Price Information
| Cat No. | Plasmid Name | Availability | Buy one, get one free! (?) |
|---|---|---|---|
| V012715 | pLVX-shRNA2 | In stock, 1 week for quality controls |
Two tubes of lyophilized plasmid will be delivered, each tube is about 5µg.
Basic Vector Information
pLVX-shRNA2 is an HIV-1-based, lentiviral expression vector designed to express a small hairpin RNA (shRNA) for RNA interference (RNAi) studies. Expression of your shRNA is driven by the RNA Pol III-dependent, human U6 promoter (PU6), located just upstream of the MCS. pLVX-shRNA2 can be used as a plasmid expression vector and transfected into cells, or it can be packaged into viral particles and transduced into cells. Lentiviral particles derived from the vector allow the expression of shRNAs in virtually any cell type, including primary cells. In addition to expressing shRNAs, pLVX-shRNA2 also expresses the fluorescent protein ZsGreen1, a human codon-optimized variant of the reef coral Zoanthus sp. green fluorescent protein, ZsGreen (1). Expression of ZsGreen1 is driven by the constitutively active human cytomegalovirus immediate early promoter (PCMV IE), allowing it to be used as an indicator of transfection or transduction efficiency, as well as a marker for cell sorting. pLVX-shRNA2 contains all of the viral processing elements necessary for the production of replication-incompetent lentivirus, as well as elements to improve viral titer and overall vector function. The woodchuck hepatitis virus posttranscriptional regulatory element (WPRE) promotes RNA processing events and enhances nuclear export of viral RNA (2), leading to increased viral titers from packaging cells. In addition, the vector includes a Rev-response element (RRE), which further increases viral titers by enhancing the transport of unspliced viral RNA out of the nucleus (3). Finally, pLVX-shRNA2 also contains a central polypurine tract/central termination sequence element (cPPT/CTS). During target cell infection, this element creates a central DNA flap that increases nuclear import of the viral genome, resulting in improved vector integration and more efficient transduction (4). The vector also contains a pUC origin of replication and an E. coli ampicillin resistance gene (Ampr) for propagation and selection in bacteria.
- Vector Name:
- pLVX-shRNA2
- Antibiotic Resistance:
- Ampicillin
- Length:
- 7880 bp
- Type:
- Viral Expression & Packaging Vectors
- Replication origin:
- ori
- Source/Author:
- Clontech
- Selection Marker:
- ZsGreen1
- Copy Number:
- High copy number
- Promoter:
- U6
- Cloning Method:
- Enzyme Cut
pLVX-shRNA2 vector Map
Plasmid Protocol
1. Centrifuge at 5,000×g for 5 min.
2. Carefully open the tube and add 20 μl of sterile water to dissolve the DNA.

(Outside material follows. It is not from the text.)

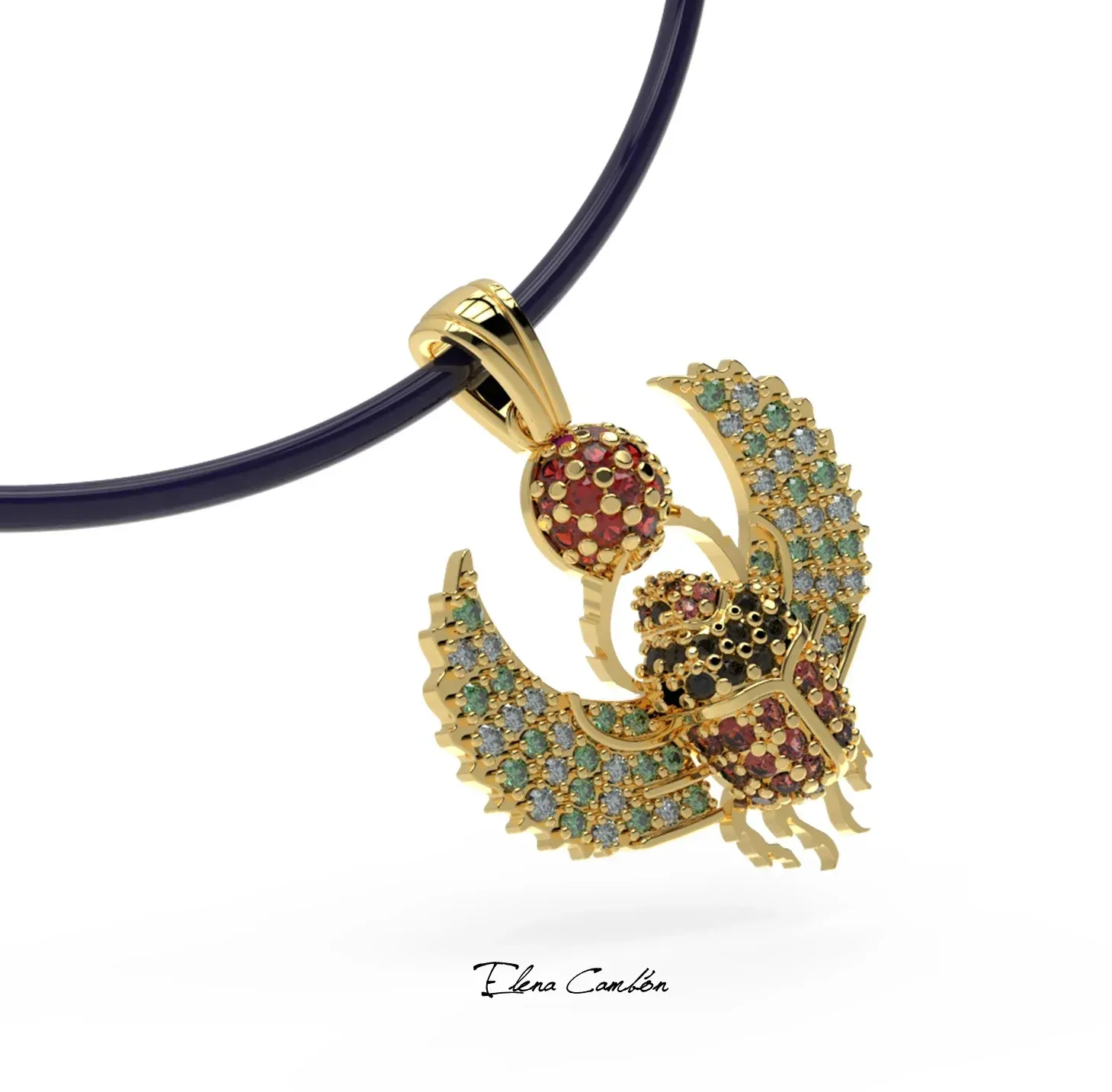 Collar con colgante de oro con piedra redonda marrón en el centro y borde engastado con cristales.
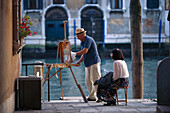 Maler und Frau am Canale Grande, Venedig, Veneto, Italien, Europa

3. Close the tube and incubate for 10 minutes at room temperature.
4. Briefly vortex the tube and then do a quick spin to concentrate the liquid at the bottom. Speed is less than 5000×g.
5. Store the plasmid at -20 ℃.
6. The concentration of plasmid re-measurement sometimes differs from the nominal value, which may be due to the position of the lyophilized plasmid in the tube, the efficiency of the re-dissolution, the measurement bias, and adsorption on the wall of the tube, therefore, it is recommended to transform and extract the plasmid before using it
General Plasmid Transform Protocol
1. Take one 100μl of the competent cells and thaw it on ice for 10min, add 2μl of plasmid, then ice bath for 30min, then heat-shock it at 42℃ for 60s, do not stir, and then ice bath for 2min.
2. Add 900μl of LB liquid medium without antibiotics, and incubate at 37℃ for 45min (30℃ for 1-1.5 hours) with 180rpm shaking.
3. Centrifuge at 6000rpm for 5min, leave only 100μl of supernatant to resuspend the bacterial precipitate and spread it onto the target plasmid-resistant LB plate.
4. Invert the plate and incubate at 37℃ for 14h, or at 30℃ for 20h.
5. Pick a single colony into LB liquid medium, add the corresponding antibiotics, incubate at 220rpm for 14h, and extract the plasmid according to the experimental needs and the instructions of the plasmid extraction kit.
References
- He, X., He, Q., Yu, W., Huang, J., Yang, M., Chen, W., & Han, W. (2021). Optimized protocol for high-titer lentivirus production and transduction of primary fibroblasts. Journal of basic microbiology, 61(5), 430–442. https://doi.org/10.1002/jobm.202100008
pLVX-shRNA2 vector Sequence
LOCUS V012715 7880 bp DNA circular SYN 08-APR-2021
DEFINITION Exported.
ACCESSION V012715
VERSION V012715
KEYWORDS pLVX-shRNA2
SOURCE synthetic DNA construct
ORGANISM synthetic DNA construct
.
REFERENCE 1 (bases 1 to 7880)
TITLE Direct Submission
REFERENCE 2 (bases 1 to 7880)
AUTHORS .
TITLE Direct Submission
COMMENT SGRef: number: 1; type: "Journal Article"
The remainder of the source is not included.